Nanocellulose Binders for Fibre Preforms: Creating the Building Blocks of High Performance Sustainable Composites

We have developed using our EPRSC grant (EP/F032005/1) an elegant, intrinsically scalable and cost-effective technology for binding fibres together in order to create an in-plane non-woven fibre mat, utilising bacterial nanocellulose - itself a structural reinforcement, with no extra chemical steps involved during the production. The invention was originally developed for binding natural fibres - such as sisal and hemp - to create "truly green", hierarchical composites. Bacterial cellulose (BC) is currently produced on commercial scale (10t/a) for cosmetic applications by fzmb GmbH. BC has very impressive properties, both in paper form (15 GPa tensile modulus) and as an individual nanofibre (114 GPa Young's modulus). Alternatively, nanofibrillated cellulose (NFC) is also available at the pilot scale. There is sufficient evidence in the literature that nanocellulose nanocomposites with much improved properties can be made. In addition to this, it has been shown that hierarchical, i.e. fibre reinforced, nanocomposites can be produced using BC. The previous work has resulted in two patents. The proposed project will demonstrate a slurry dipping or "paper-making" process to produce short (non-woven) fibre preforms. The advantage of our process is that short, long and even continuous fibres can be utilised to produce fibre preforms, which can be utilised in conventional composite making processes. The fibres, which can be used can be either be natural or synthetic. The ideal candidates for this project are fibres that can only with difficulties be formed in to mechanically strong fibre preforms with the required strength for downstream handling. We will focus on scaling up our development of producing fibre preforms and provide a range of value-added properties to this technology. Examples will be selected to satisfy the requirement of the industry and to stimulate new applications for fibre reinforced (nano)composites. We believe that our technology can be licensed to composites manufacturers who will benefit from a new generation of value added products and a major competitive advantage.

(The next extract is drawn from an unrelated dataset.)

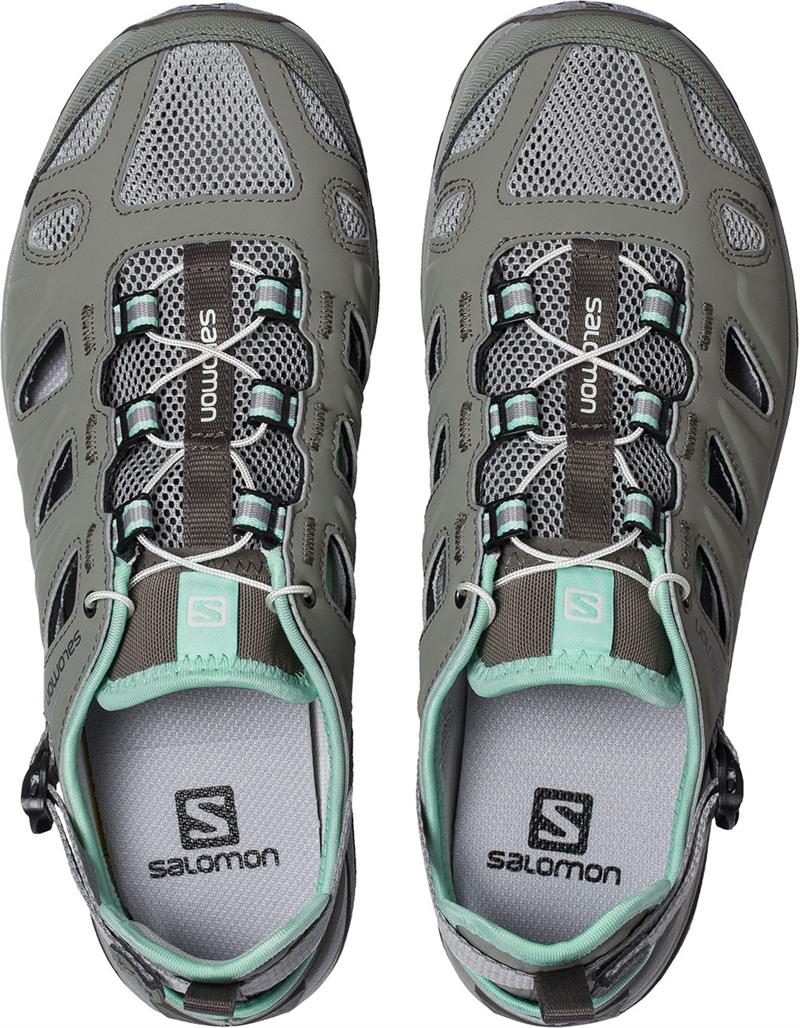 Salomon Ellipse Cabrio Womens Sandals-3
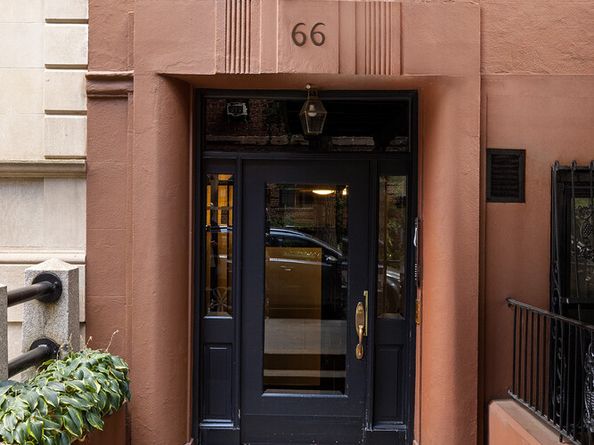 66 Montague Street 6, Brooklyn NY 11201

This Follow-on Fund is designed to translate our invention of producing mechanically robust fibre preforms and hierarchical nanocomposites from the proof-of-concept scientific and engineering stage at the fundamental level into commercial development. Our industrial supporters/partners, APC Composite and Formax, will provide a detailed understanding of the materials, design, process and application requirements of the fibre preforms and composites to be developed and thereby will guide our research and help to avoid common pitfalls encountered with early stage composite applications. The partner will help to demonstrate already within the time frame of the project commercial relevance by designing and manufacturing an early stage demonstrator: a chair, which can be used in a hotel lobby or in racing sport applications. In this case it all about the appearance; the composites have to be free of surface cracks and voids. The excitement of our partners for our idea paired with their expertise and their customer's demands and the short term nature of this FoF project with the clear stir towards potential commercial exploitation does provide strong confidence that they will engage with us and help to make this project a success. Our partners will benefit directly by gaining access to new technology, either through directly licensing intellectual property developed during the programme, or through subsequent co-development projects. Technology transfer will be facilitated by specialist teams at Imperial Innovations Ltd., who have extensive experience in balancing the need to protect inventions while encouraging commercial exploitation. Our partners will therefore gain know-how allowing them to develop products, leading to a competitive advantage, and ultimately, wealth creation, which will befit society. More generally society will benefit from the emergence of high performance sustainable composites utilising waste products and renewable raw materials. The weight reduction achieved by using more composites for instance in transport applications will offer improved fuel efficiency.
Through commercialisation activities, the Imperial will benefit from additional revenue that they might invest to bring forward other new technologies.
Composite materials have a great exposure and are therefore high profile. With the success of the project, the UK will be making a valuable contribution to the increased usage of composites, which will enhance our reputation in this area of research.